The future is now: Opportunities for Canada’s maturing wind farms

In Canada, we are proud of our 6,364 commercial scale wind turbines in operation today.

Until recently, keeping track of this number has been a matter of simply adding new installations to the number from the year before. However, now the equation has changed to include subtracting some active turbines from the total. That’s right, a few wind farms have come to the end of their lifecycle and have been decommissioned, taking some hard working machines offline.

This is through no fault of their own; the turbines simply reached the end of their predicted lifecycle. In fact the ones I’m thinking of were operational beyond their expected 20 years of service. The Cowley Ridge wind farm in Alberta has received a lot of attention in the wind business as a pioneering Canadian decommissioning experience. Built in 1993 this facility operated 57 wind turbines for about three years past their planned lifespan.
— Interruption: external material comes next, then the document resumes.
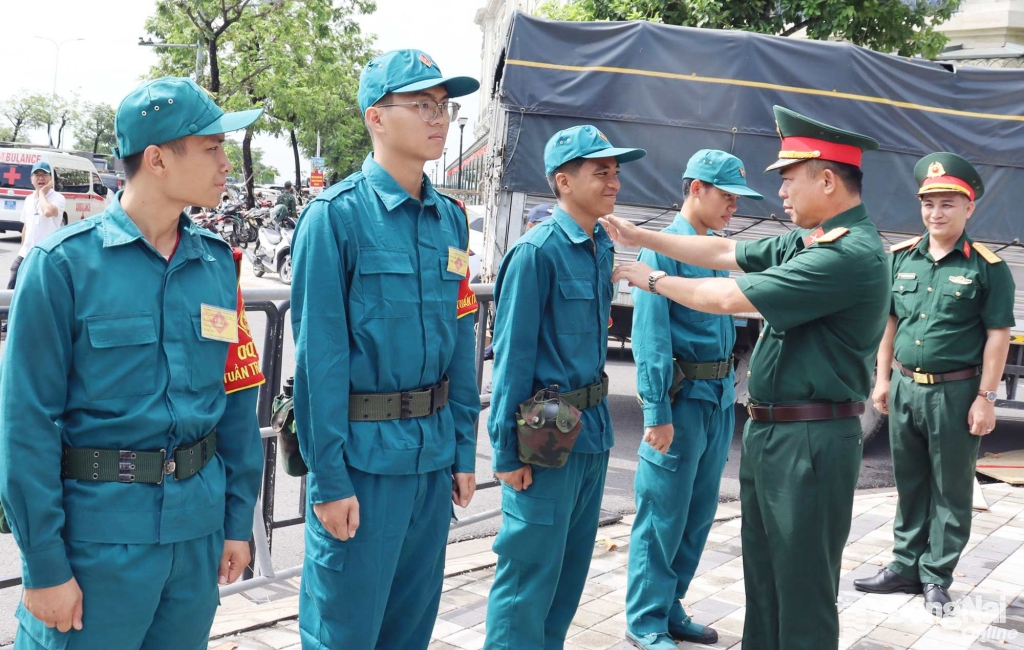 Thượng tá Phạm Minh Trí kiểm tra chấn chỉnh quân phục cho lực lượng dân quân thường trực đảm bảo an toàn phòng cháy gần khu vực lễ. Ảnh: Nguyệt Hà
This impressive accomplishment gives operators and manufacturers of newer machines increased expectations of what can be accomplished in the future. (You can read more about the TransAlta decommissioning experience here as well as some additional facts on the Canadian Wind Energy Association (CanWEA) blog.)

Decommissioning refers to when a wind farm’s power production is ceased and the above ground equipment is dismantled and land restored.
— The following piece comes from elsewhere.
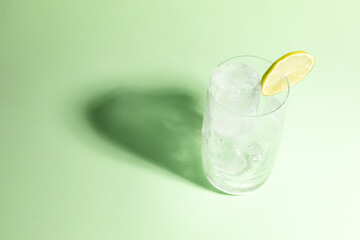 Cold glass full of ice with a lime, ready to serve light green with cast shadow.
Repowering refers to replacing or upgrading aging equipment with more advanced and efficient technology. This can mean fewer, but more powerful turbines that can produce equivalent or greater levels of electricity.

Most early wind farm developers planned for decommissioning at the end of the lifecycle. However, this is starting to change. If you research information from other countries that have older fleets you start to notice a trend.

Wind farm owners are increasingly opting to repower.

This is because the free fuel they’ve been using (the wind) is still there, as is the investment in roads, buildings, cabling, etc. There are also substantial sweat equity investments into building a competent team to run the operation and community engagement efforts to ensure landowners and neighbours are being supported.

In Canada, the option to upgrade and continue producing power hasn’t been widely implemented yet because there are very few turbines that have passed their expected lifetime. But as the number of turbines reaching the end of their lifecycle continues to increase (400 wind turbines by 2030) so too will the opportunity and incentive to repower these facilities.

In order to stimulate discussion on this topic, CanWEA has developed a primer entitled, “Decommissioning or Repowering a Wind Farm” in collaboration with the industry. I encourage you to explore this resource for Canada’s maturing wind turbine fleet. It certainly is an exciting development in Canada’s renewable energy future.